Spannend war die Tour nicht nur für die Gäste aus Hamburg und Kassel. Durch die Einblicke in das Lebensgefühl vergangener Epochen bekamen auch die Besonderheiten der Bauwerke und Straßennamen für die Einheimischen einen verständlichen Sinn.
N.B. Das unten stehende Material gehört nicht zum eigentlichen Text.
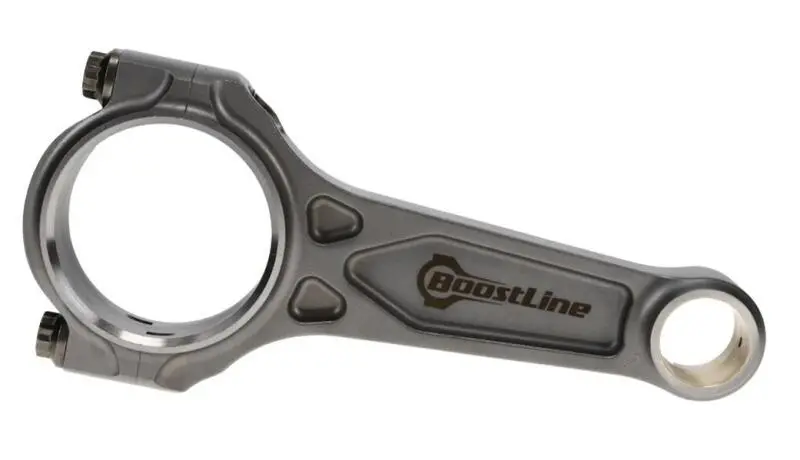 Boostline Arp 625+ Connecting Rod Kit For Honda K24 Engine (152Mm Stroke) 1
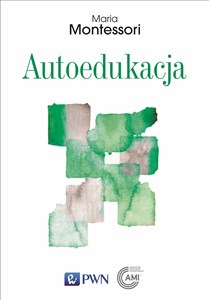 Obrazek Autoedukacja
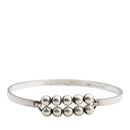 Rannekoru • Erik Granit • Caratia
Wenn Hans Zinke zurückkehrt ins 21. Jahrhundert, heißt er Claus Ludwikowski und ist ausgebildeter Stadtführer. Außer mit dem Scharfrichter gibt es auch Touren mit dem Nachtwächter Jakob Kannengießer (abends), der mit Laterne und Hellebarde die Gäste mit auf seinen Wachgang nimmt. Eine Erlebnisführung durch die Duderstädter Kirchen bietet Anna-Victoria Jung unter dem Titel „GlaubensBilder“ an, und um die Inschriften alter Häuser und ihr Bezug zur Reformation geht es beim Stadtrundgang mit Jürgen Sczuplinski. Die Duderstädter Wartenwanderung führt vom Stadtwall hinauf zur Sulbergwarte. Knickmeister Borchard Borchardis erklärt dabei das einstige Verteidigungssystem Duderstadts.